I liked the Doctor trying to outsmart the possessed Sky with companion names and TARDIS, and his 'Shamble bobble dimble dooble' also made me smile. How long before the t-shirts and badges with that written on start to appear?

It's only the entity now pretending to be Sky using words previously used by the Doctor that alerts the Hostess and Dee Dee to the fact that this is not, in fact, Sky at all, and the Hostess takes matters into her own hands and pulls Sky to a door, opening it, and being ejected out onto the planet surface with her.

The Doctor returns to normal, and the rescue shuttle arrives to take them back to base.

I wondered why the earlier captions refered to 'kliks' as some unit of time (or maybe distance) when everyone talked about 'hours', and the final caption referenced 'minutes'. This sort of thing just annoys me anyway ... I think a 'klik' was a unit of distance in the Virgin New Adventures novels ... I really have no idea why writers like to invent and use new measures like this.
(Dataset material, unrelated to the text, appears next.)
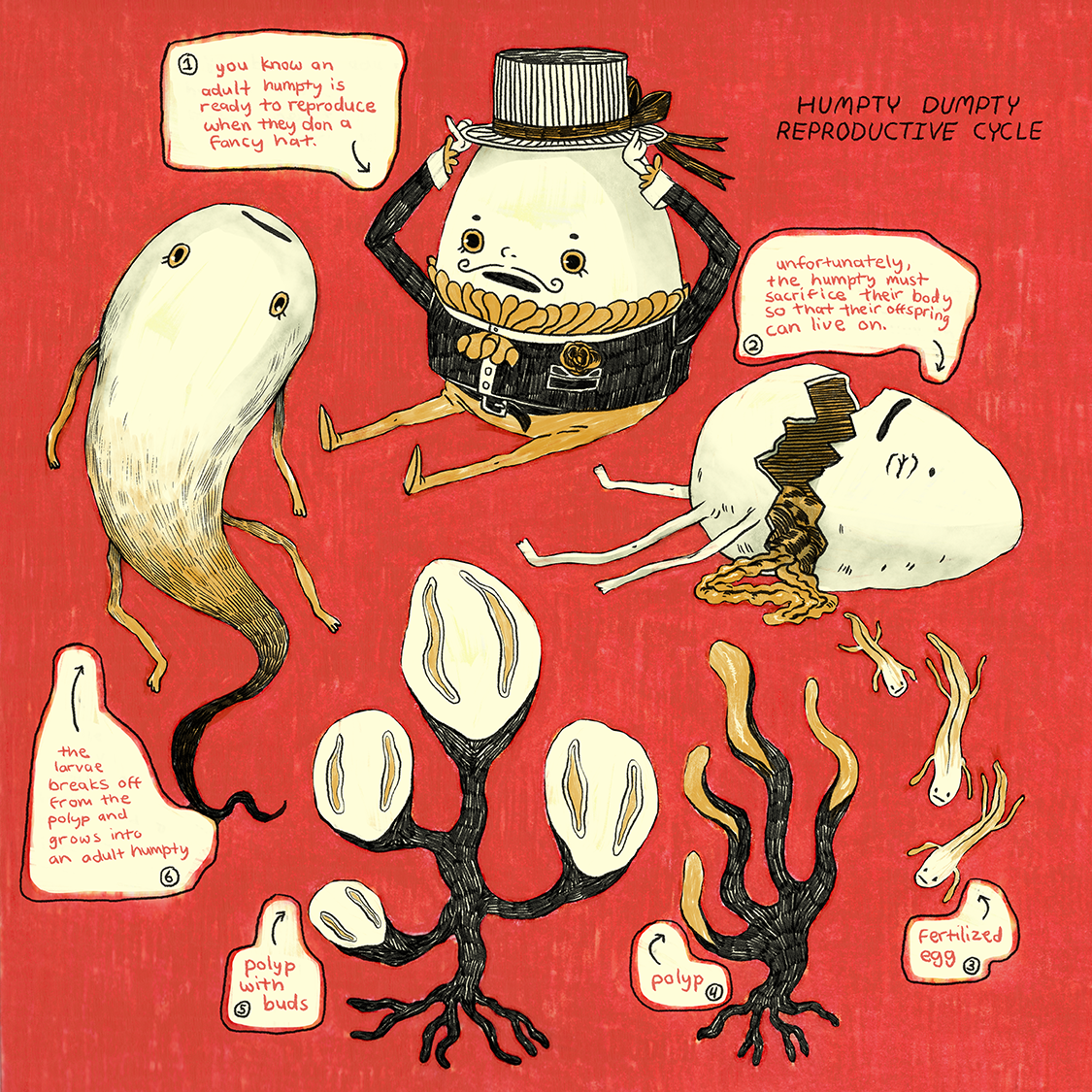 Portfolio humpty life cycle copy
I think on balance that the story worked. I'm a little worried at not showing the monster at any point (or even naming it - what plastic action figures might appear from this episode are very much in doubt), and also what younger viewers might have made of it all. However my young nephew was today slyly repeating everything everyone else said ... so maybe there is an inherent humour here which can get lost in too much pontificating and analysis. Just as Steven Moffat likes to try and tap into primal fears, so Russell T Davies has his finger on what kids can do to annoy everyone around them.
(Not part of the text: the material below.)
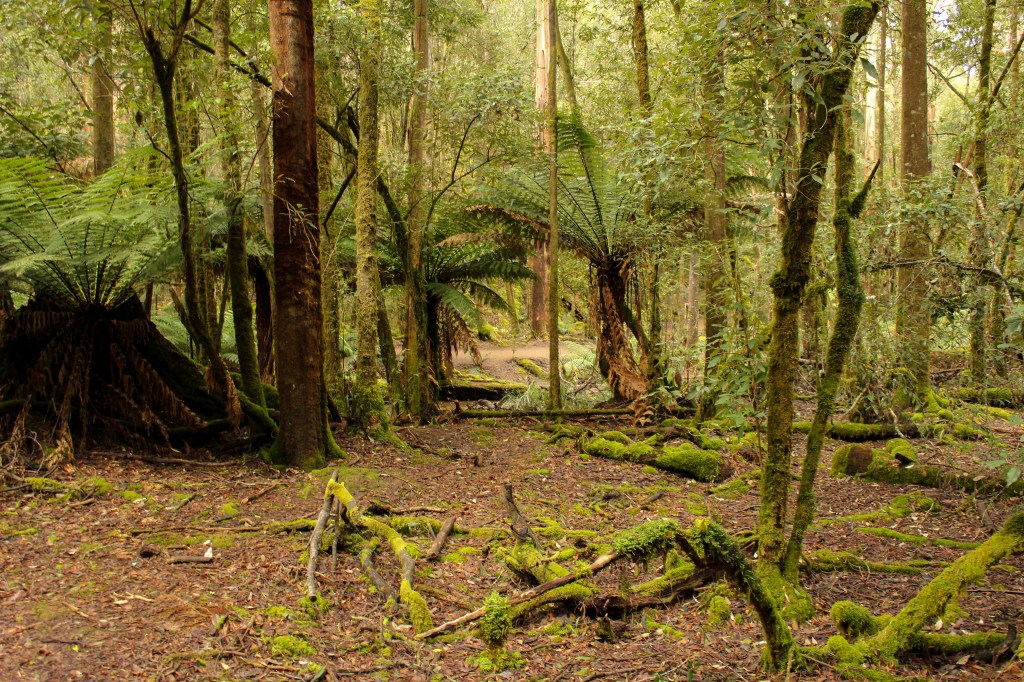A view of a dirt path through trees.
The episode reminded me a little of older science fiction fare like episodes of Out of the Unknown (I'm sure there is one there where a small group become trapped in a space shuttle or something), or even The Outer Limits and The Twilight Zone. Sometimes we need the simplicity I feel to make us appreciate the more complex adventures, and so something a little different and left field from time to time is no bad thing.

Next week: Rose is back, the Doctor's dead, the stars are going out, and everyone's going to die. Cheerful.

8 comments:

Anonymous said...

Personally, this episode really annoyed me. The Doctor came across as incredibly arrogant, going on about how smart he is, and then he caused the death of the Hostess by telling them that they can't throw Sky out. To be honest, if I was in that situation I certainly wouldn't listen to some arrogant guy who won't even tell anyone his name, and I'd be all for throwing her out. The concept was interesting, but I just didn't like the execution.

Anonymous said...

A Marmite episode - you either loved it or loathed it.

Personally, I really enjoyed it. I think this is the first RTD script that delivered a top notch plot without it being drowned out by a cacophony of screeching storyline mechanics. It was a terrifying story: no unsubtle authorial didactic messages shoe-horned in; no clawing attempts to show this is "proper" drama. Just a good story well told.

There were clever allusions to real-life issues in the UK though; for example, a clever dig at tabloid anti-immigration hysteria. But was I alone in seeing a possible parallel to the US led occupation of Iraq? The shuttle is filled with "Crusader" logos; a group of naive, passive consumerists blunder into a dangerous situation that could have been avoided by more thorough reccie of the situation? I could be wrong though!

There were some elements that didn't work as well- too many paper-thin characters and a plot that is streamlined to the point of being oversimplistic - I don't think you could rewatch this episode very often. Also, David Toughton was great ... but why have we seen 2 children of DT's predecessors in this series? Coincidence or an attempt to generate publicity?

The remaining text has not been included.